|Publication number||US4629182 A|
|Application number||US 06/747,701|
|Publication date||Dec 16, 1986|
|Filing date||Jun 24, 1985|
|Priority date||Jun 24, 1985|
|Publication number||06747701, 747701, US 4629182 A, US 4629182A, US-A-4629182, US4629182 A, US4629182A|
|Inventors||Sandra B. Rader, Steven J. Rader|
|Original Assignee||Rader Sandra B, Rader Steven J|
|Export Citation||BiBTeX, EndNote, RefMan|
|Patent Citations (9), Non-Patent Citations (2), Referenced by (28), Classifications (7), Legal Events (6)|
|External Links: USPTO, USPTO Assignment, Espacenet|
The invention pertains to the general field of inflatable structures, and more particularly to a thermoplastic material structure that inflates into a tubular passageway tunnel primarily used as a toy by young children.
Previously, many types of toys have been devised to help develop childrens body spatial relationships. As an example, rigid tubes positioned together, end to end with a wood base, to prevent rolling, are presently in use. Other such tunnels, using helical spring steel hoops covered with a cloth or plastic material are commonly in use and are known in the industry by their registered tradenames, FUN-L-TUN-L, or a similar device is identified as the CRAWL TUNNEL.
Prior art has also used inflatable structures in various forms as toys or articles for sport. A search of the prior art did not disclose any patents that read directly on the claims of the instant invention, however, the following U.S. patents were considered related.
______________________________________Patent Number Inventor Issue Date______________________________________3,994,102 Johnson et al Nov. 30, 19763,934,291 Hagen Jan. 27, 19763,779,201 Spahn Dec. 18, 19733,664,290 Finn May 23, 1972______________________________________
Johnson et al teaches a plurality of inflatable elements with loops on each end. The loops are connected together to make joints and form structures. The joint means are inherent in the inflated structure of the elements.
Hagen discloses a unitary hollow paddle wheel of a size to receive a person in an upright position. The device is composed of two circular pneumatic tubes connected in spaced relationship by transverse members that also support a tread.

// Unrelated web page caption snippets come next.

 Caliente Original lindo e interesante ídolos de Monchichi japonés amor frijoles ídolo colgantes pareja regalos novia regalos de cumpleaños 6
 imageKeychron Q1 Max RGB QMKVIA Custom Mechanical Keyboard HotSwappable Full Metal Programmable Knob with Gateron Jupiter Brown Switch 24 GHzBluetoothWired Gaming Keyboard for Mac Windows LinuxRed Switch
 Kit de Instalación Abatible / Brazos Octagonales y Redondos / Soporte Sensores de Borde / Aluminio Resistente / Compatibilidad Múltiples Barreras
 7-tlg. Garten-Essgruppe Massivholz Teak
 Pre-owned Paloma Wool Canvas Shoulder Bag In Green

Spahn utilizes a hollow dirigible-balloon shaped device having spaced inflated double walls of pliable plastic. A pair of spaced plastic dividers are located within the interior of the structure providing reinforcement and the inner rims function as hand rails.
Finally, Finn employs a spherical shaped device formed of an annular series of buoyant segments, each having an externally outwardly extending paddle. An annular buoyant member is attached at each open end of the part-spherical body to provide stability.

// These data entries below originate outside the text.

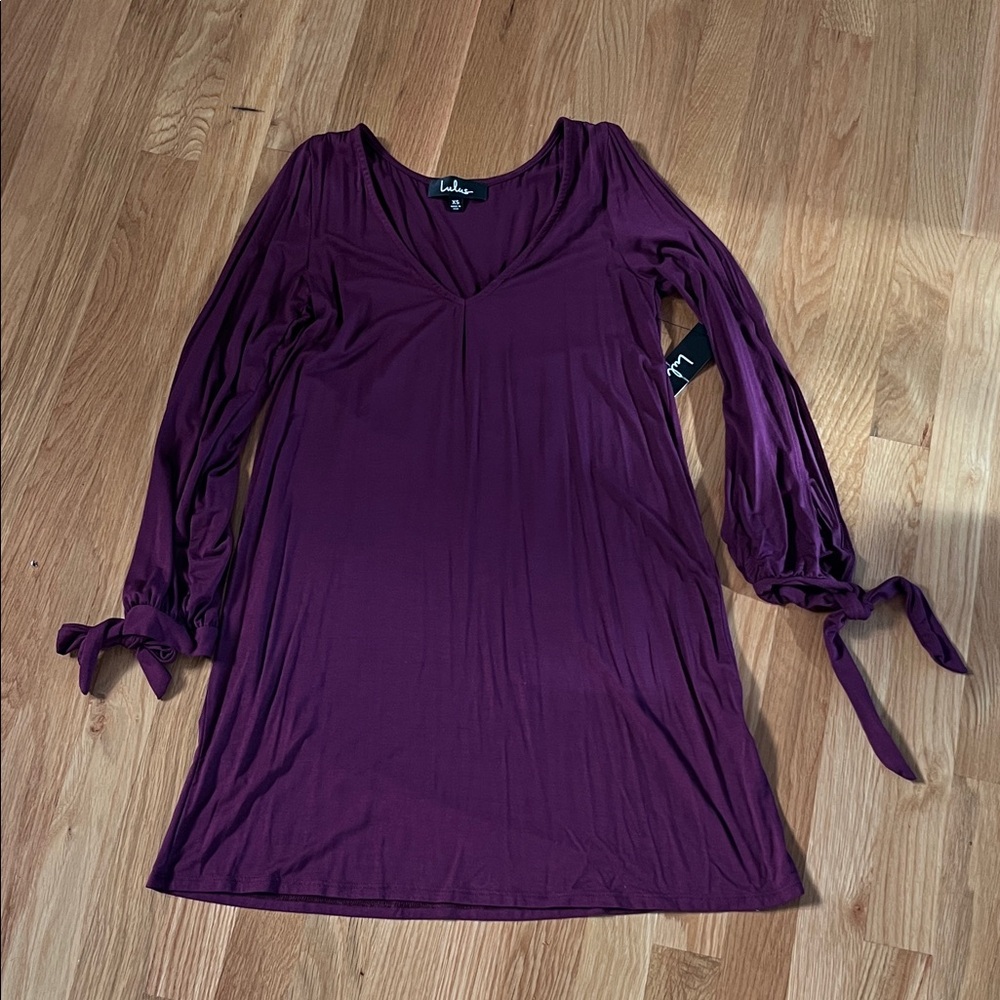 Lulu's Maroon Long Sleeve Dress
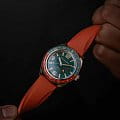 Spinnaker Spinnaker Fleuss Gmt Automatic SP-5120-33 мужские часы зеленый циферблат на запястье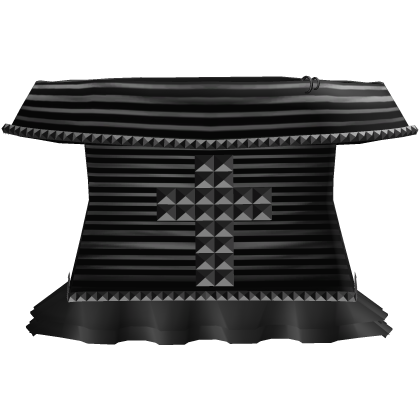 ♡ emo vkei scene doll dress moe (striped) Roblox item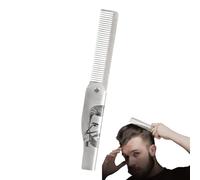 Peine para barba para hombre, herramienta de aseo plegable de acero inoxidable, 6.5 x 0.87 x 0.24 pulgadas, diseño duradero de tamaño de bolsillo, uso en viajes en casa, cepillo portátil para peinar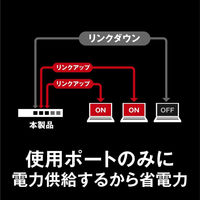 スイッチングハブ 2.5GbE対応 金属筐体 AC電源 5ポート ブラック LXW-2G5 バッファロー（直送品）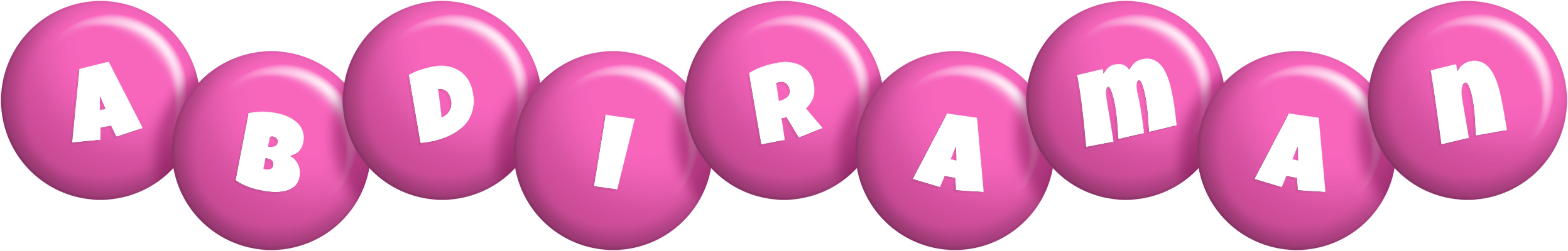 Abdiraman candy-pink logo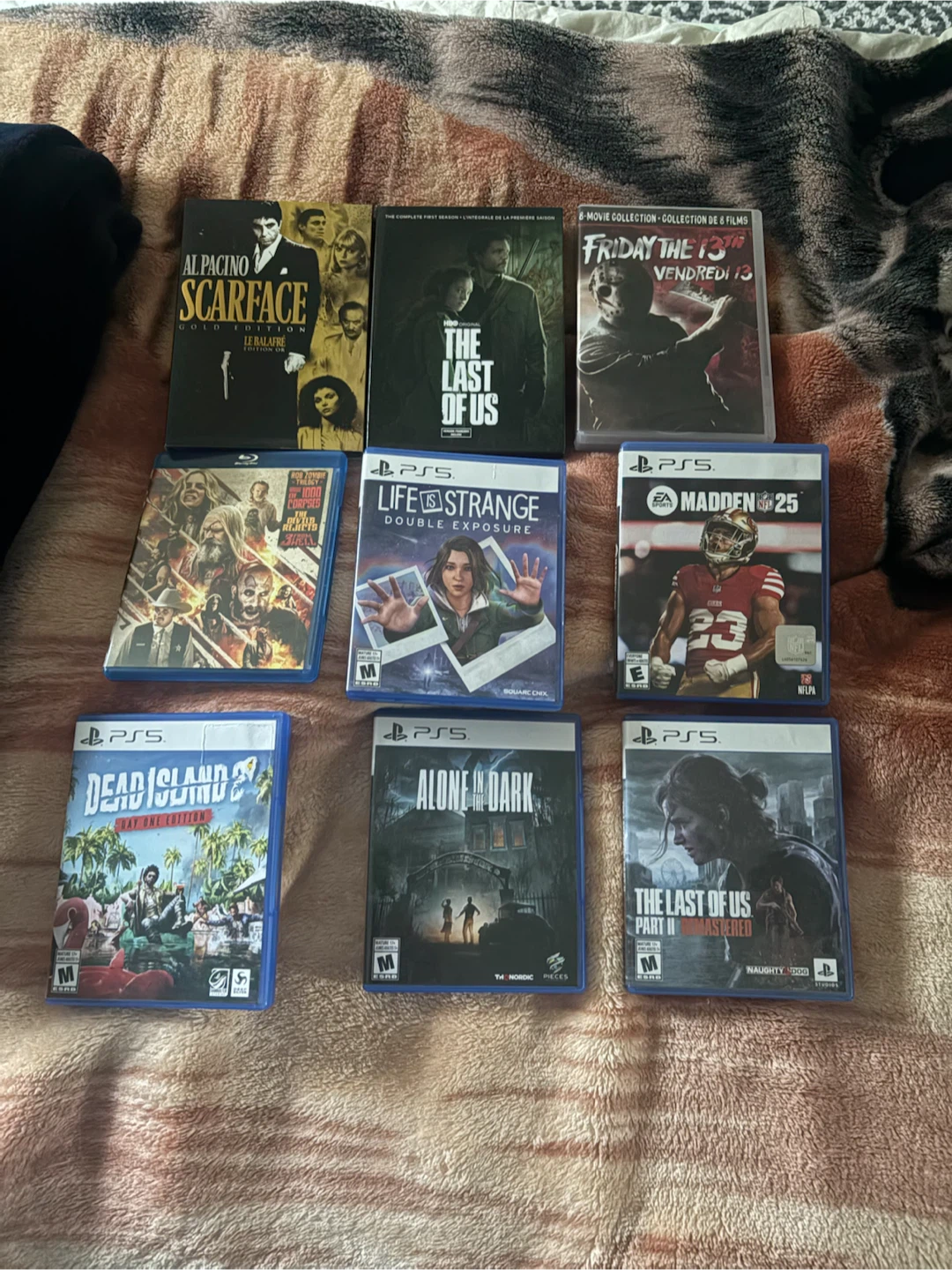 PS5 Video Game Collection - Various Titles
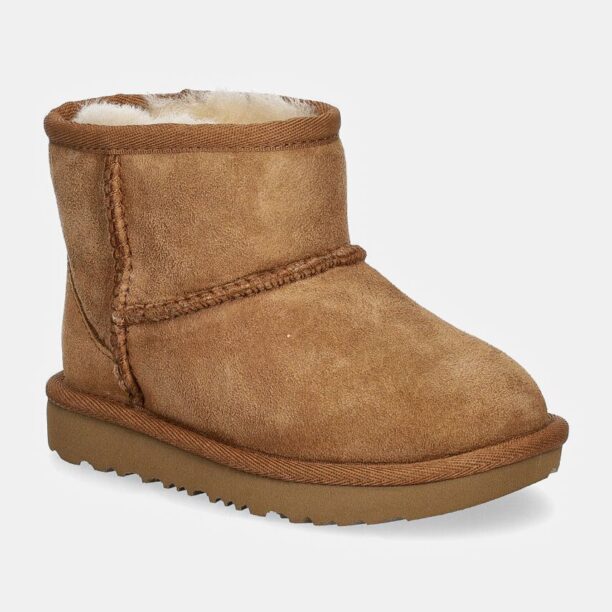 UGG cizme de zapada din piele intoarsa CLASSIC MINI II culoarea maro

Although some of the above inventions utilize a tubular shaped inflated body, the combination of the instant invention as a tunnel is lacking.
In child growth, the use of devices that help development of body control in motion, such as creeping and crawling, are becoming more prevalant. Presently, rigid structural tubes, or pipes, are in use both indoors and out. Flexible collapsing tunnels are especially popular for indoor use, however, these devices, as well as the outdoor equipment with a hard bottom surface, have a tendency to scuff the childrens legs and clothing and are uncomfortable when in use. It is, therefore, a primary object of the invention to have a resilient surface completely surrounding a tunnel allowing continual use without discomfort to the user or excessive clothing wear. This is particularly important when the tunnel is used by handicapped children who do not have complete mobility and may injure themselves on conventional apparatus. The instant invention utilizes a flexible thermoplastic material formed with an inner and outer sleeve with compressed air inside to accomplish this utility.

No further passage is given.